Royal cherche Sarkozy

Ségolène Royal lors du meeting du 11 avril 2007 à Metz. 

		(Photo : Reuters)
Ségolène Royal lors du meeting du 11 avril 2007 à Metz.
(Photo : Reuters)
Toutes les occasions sont bonnes pour taper sur Nicolas Sarkozy. Dans la dernière phase de sa campagne, Ségolène Royal, la candidate socialiste, a annoncé qu’elle privilégierait la stratégie du «projet contre projet». Mais quel que soit le sujet dont elle parle -nation, génétique, valeurs, politique internationale-, on constate qu’elle en revient systématiquement à mettre en cause le candidat de l’UMP.

Le temps où Ségolène Royal laissait à son entourage le soin de s’en prendre à Nicolas Sarkozy est bien fini. Désormais la candidate socialiste va au charbon, elle aussi. Alors que le compte à rebours avant le premier tour est enclenché, elle n’a plus vraiment la possibilité de rester au-dessus d’une mêlée où les candidats doivent jouer des coudes pour marquer des points. Tout en affichant sa «sérénité», elle s’engage donc sur la voix de l’attaque œil pour œil, «projet contre projet».
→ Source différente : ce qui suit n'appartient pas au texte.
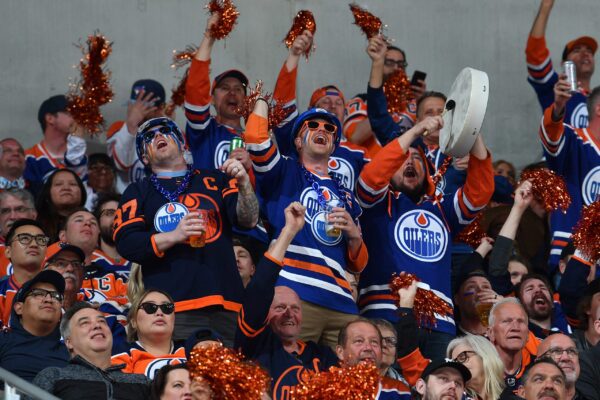 Oilers Fan Flash Not Censored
Lors de son meeting du 11 avril à Metz, Ségolène Royal n’a pas mâché ses mots pour montrer sa différence. Elle s’est présentée comme celle qui défendait «les valeurs de construction contre les valeurs de destruction». Elle a expliqué sa méthode : «Moi je vous propose de réformer avec vous la France sans brutalité. Je suis la force sereine d’un changement efficace face à une brutalité agitée du passage en force». Sans jamais nommer Nicolas Sarkozy, Ségolène Royal a donc dressé à sa manière son portrait.

Rassurer la gauche

La candidate socialiste a plaidé pour une méthode différente, mais elle a aussi défendu une vision de la société qu’elle veut à l’opposé de celle du candidat de l’UMP. Elle a ainsi évoqué son ambition de lutter en priorité contre «le chômage, la vie chère, les inégalités de toutes sortes». Elle a ainsi tenté de rassurer son camp de gauche, de donner des gages à son électorat naturel parfois déstabilisé par son discours sur la nation, la Marseillaise ou le drapeau. Et pour que tout cela soit encore plus convaincant, Ségolène Royal a évoqué en comparaison celui qu’elle accuse d’incarner «l’exercice du pouvoir qui sait tout», «un avenir où tout s’achète», mais aussi «la loi de l’argent où l’échec paie comme on est au sommet».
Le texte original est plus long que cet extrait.